Infrastructure

Monitoring and Observability for SaaS

Logs, Metrics, Traces — how to properly monitor your SaaS application. A practical comparison of self-hosted vs managed solutions for the DACH region.

Christoph Dietrich2026-04-2912 min read

Why monitoring is not optional

Every SaaS application running in production needs observability. It is not a question of "if" but "how". Without monitoring, you are flying blind: you learn about outages from customer emails instead of alerts. You debug problems with console.log instead of structured traces.

In the DACH region, there is an additional dimension: if you capture personal data in logs or traces, GDPR requirements apply. This significantly influences tool selection.

5.6x

Faster incident resolution

With structured observability vs. log searching

99.9%

Uptime expectation

8.7h downtime per year maximum

€340k

Cost per hour of downtime

Average for mid-size SaaS companies

The three pillars of observability

1. Logs — What happened?

Logs are the foundation. Every application produces them. The question is how you collect, structure, and make them searchable.

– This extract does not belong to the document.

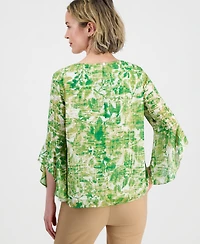 Kasper Women's Ruffle-Cuff 3/4-Sleeve Top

Structured logs are mandatory. JSON instead of plaintext. Request IDs in every log entry. Use severity levels consistently.

// Bad
console.log("User logged in")

// Good
logger.info({ userId: "usr_123", action: "login", ip: "redacted", rid: "req_abc" })

Tools: ELK Stack (Elasticsearch, Logstash, Kibana), Grafana Loki, Datadog Logs

2. Metrics — How is the system performing?

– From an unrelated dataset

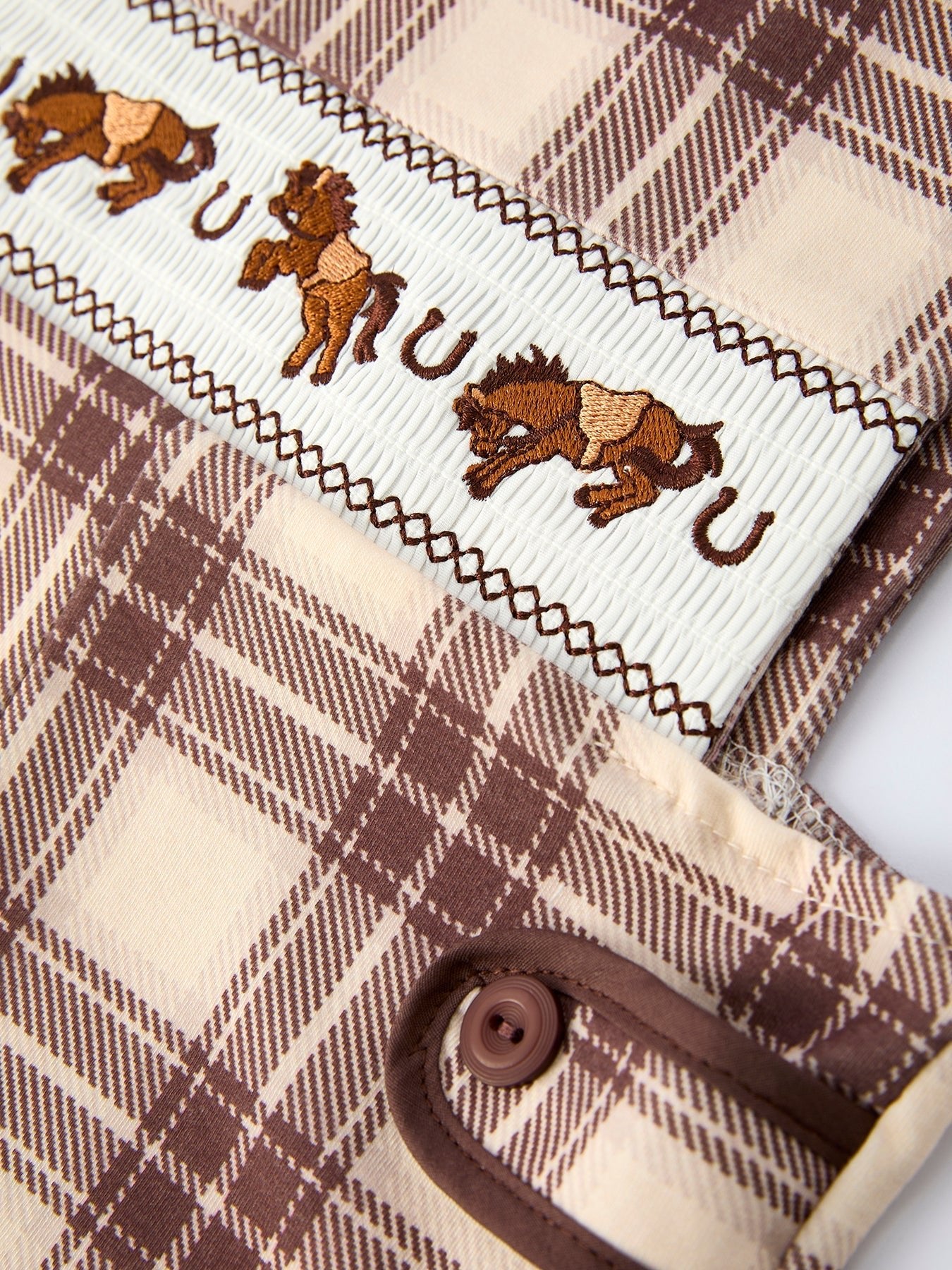 Western Horse Embroidered Smocked Plaid Baby Boy Romper - Abbies Place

Metrics are numeric time series: CPU usage, response times, error rates, queue lengths. They show trends and enable alerting.

The four golden signals (per Google SRE):

Latency — How long do requests take?
Traffic — How many requests are coming in?
Errors — How many requests fail?
Saturation — How loaded is the system?

Tools: Prometheus + Grafana, Datadog Metrics, CloudWatch

3. Traces — Where is the bottleneck?

Distributed tracing follows a request through all services. Essential for microservices, but also valuable for monoliths with external APIs.

Tools: Jaeger, Grafana Tempo, Datadog APM, OpenTelemetry (standard)

Self-hosted vs managed: The comparison

Self-Hosted (Grafana + Prometheus + Loki)

Advantages

Full control over data — GDPR-compliant on your own servers
No ongoing license costs, only infrastructure
No vendor dependency, open-source stack
Customizable to specific requirements

Disadvantages

Setup and maintenance require DevOps expertise
Scaling the monitoring infrastructure is your responsibility
No SLA — if Grafana goes down, you fix it yourself
Initial time investment: 2-4 weeks for production-ready setup

Managed (Datadog / New Relic / Grafana Cloud)

Advantages

Ready to use immediately, no infrastructure management
Integrated dashboards, alerting, APM from one provider
Automatic scaling of the monitoring platform
Enterprise support and SLAs available

Disadvantages

High costs with growing data volume
Data stored with the provider — GDPR review required
Vendor lock-in with proprietary agents and queries
Datadog bill often becomes the second-largest cloud expense

Cost comparison

Costs vary significantly depending on data volume. Here is a realistic scenario for a SaaS with 5,000-10,000 active users:

Monthly monitoring costs (5k-10k users)

Self-Hosted (Hetzner CX41 + Storage)~€65/mo

Grafana Cloud (Pro)~€180/mo

Datadog (Pro, 10 Hosts)~€450/mo

New Relic (Pro)~€350/mo

Important: With Datadog and New Relic, costs explode with the number of hosts and log volume. A team starting with 10 hosts can easily pay five times as much at 50 hosts.

Error tracking: Sentry

Sentry deserves its own mention. It is not a complete observability tool, but the best error tracking on the market.

What Sentry does:

Automatic grouping of similar errors
Source maps for frontend errors
Performance monitoring (transactions)
Release tracking (which deployment introduced the bug?)
Cron monitoring (job supervision)

Cost: Free up to 5k events/month. Team plan from $26/month. Sufficient for most startups on the free tier.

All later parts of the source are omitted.